How to complete this task: Only an exact repetition of the lines from the one holding "parroquia Santo Cristo del Pedregal" to the end of the data is wanted, with pictures left out.
=-=-=-=-=
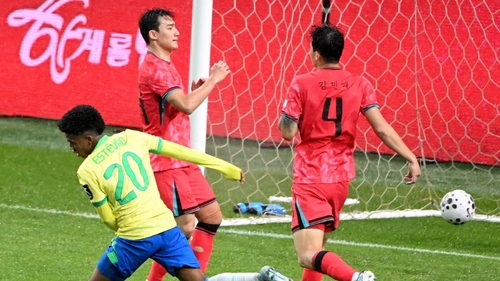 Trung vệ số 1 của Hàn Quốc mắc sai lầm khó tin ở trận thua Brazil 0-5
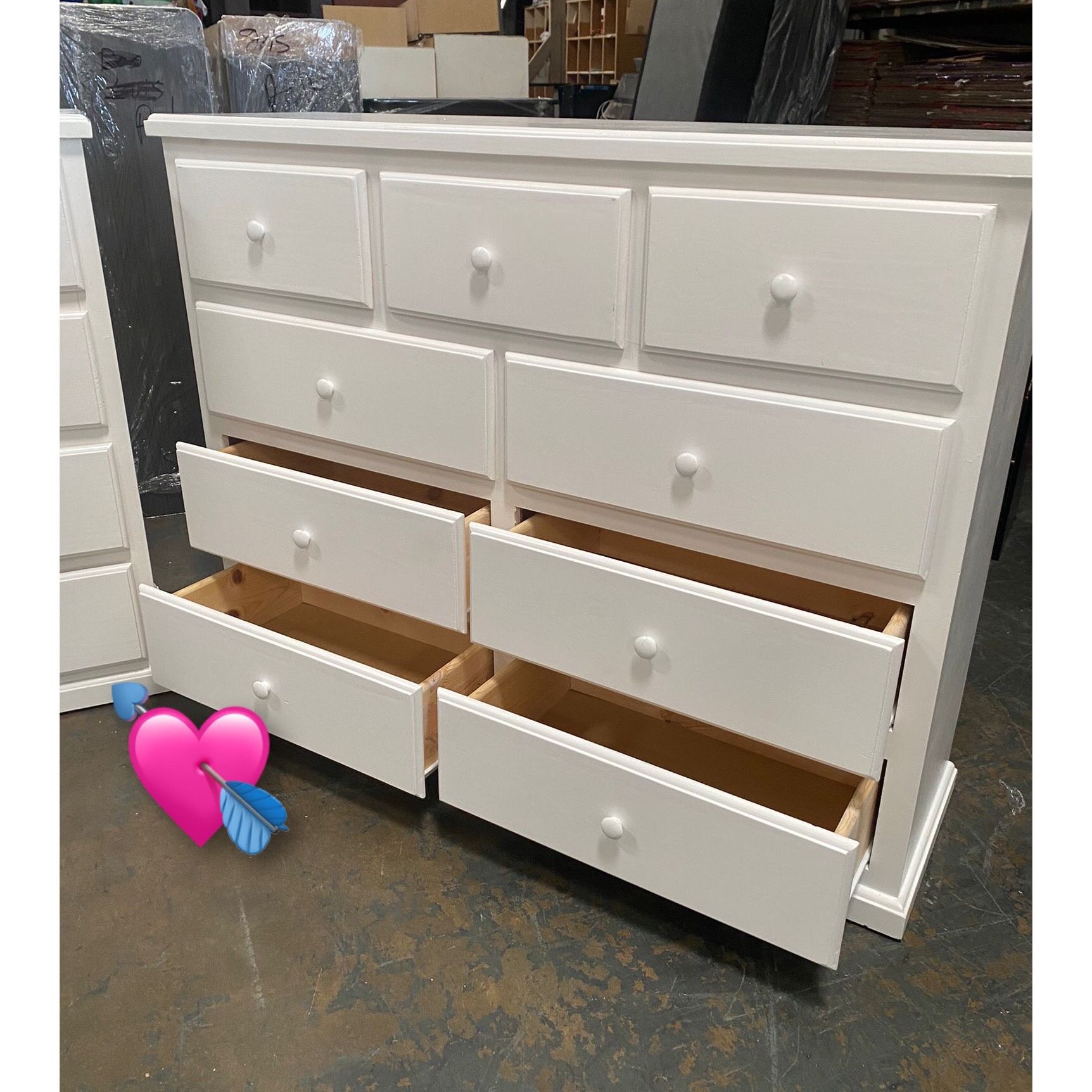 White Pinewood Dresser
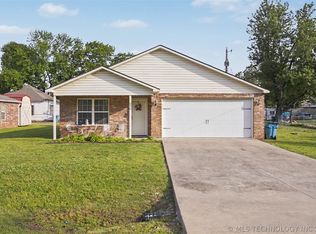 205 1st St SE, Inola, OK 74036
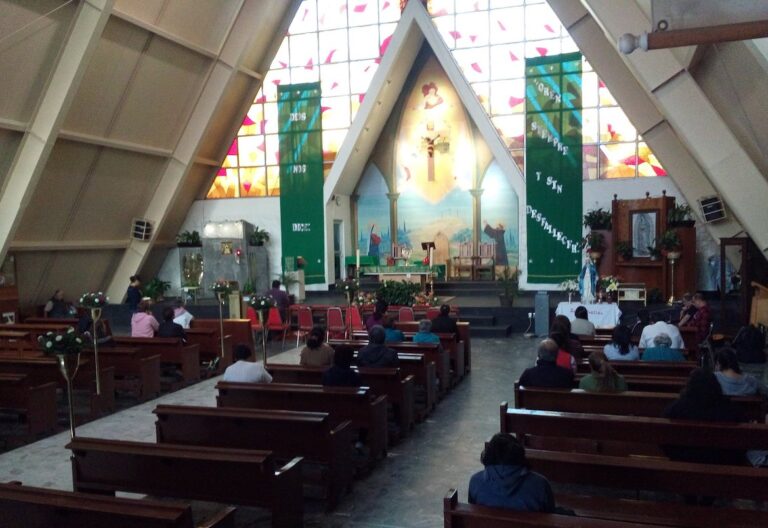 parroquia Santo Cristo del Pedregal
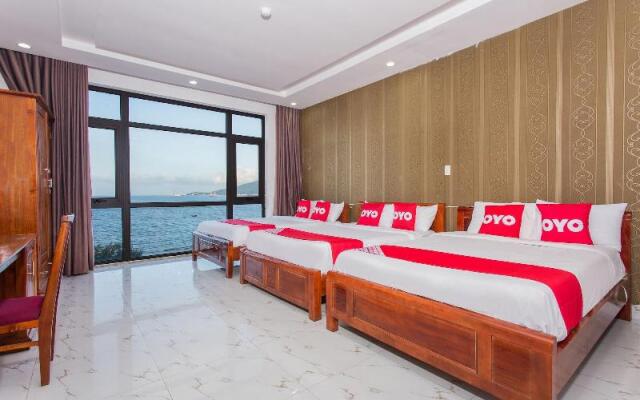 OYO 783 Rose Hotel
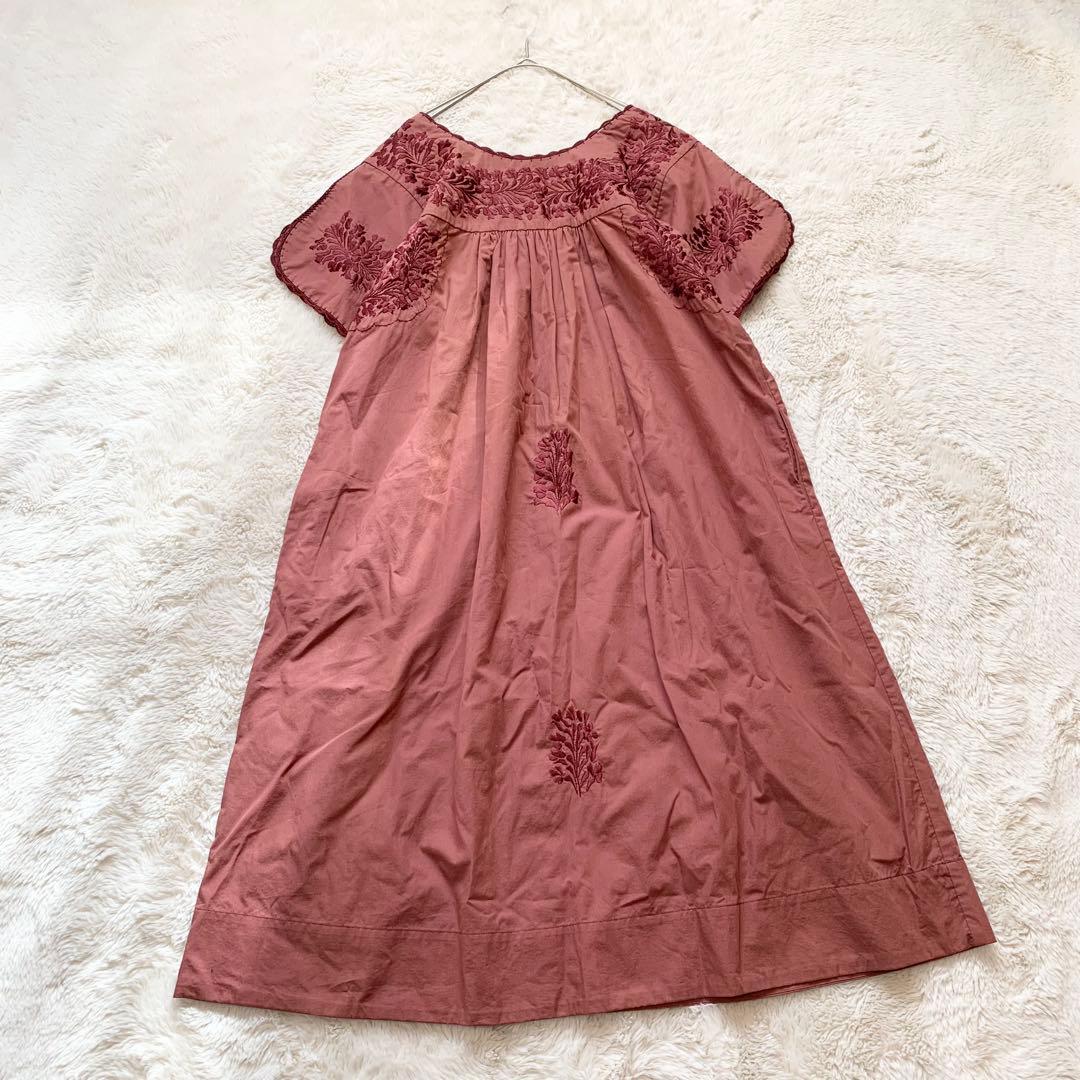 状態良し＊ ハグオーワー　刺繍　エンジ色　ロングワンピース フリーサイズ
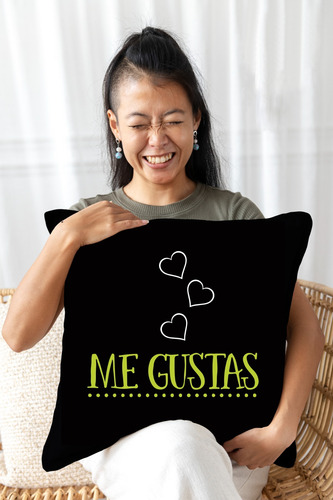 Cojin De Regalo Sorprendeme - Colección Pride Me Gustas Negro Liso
=-=-=-=-=
Answer space:
 parroquia Santo Cristo del Pedregal
 OYO 783 Rose Hotel
 状態良し＊ ハグオーワー　刺繍　エンジ色　ロングワンピース フリーサイズ
 Cojin De Regalo Sorprendeme - Colección Pride Me Gustas Negro Liso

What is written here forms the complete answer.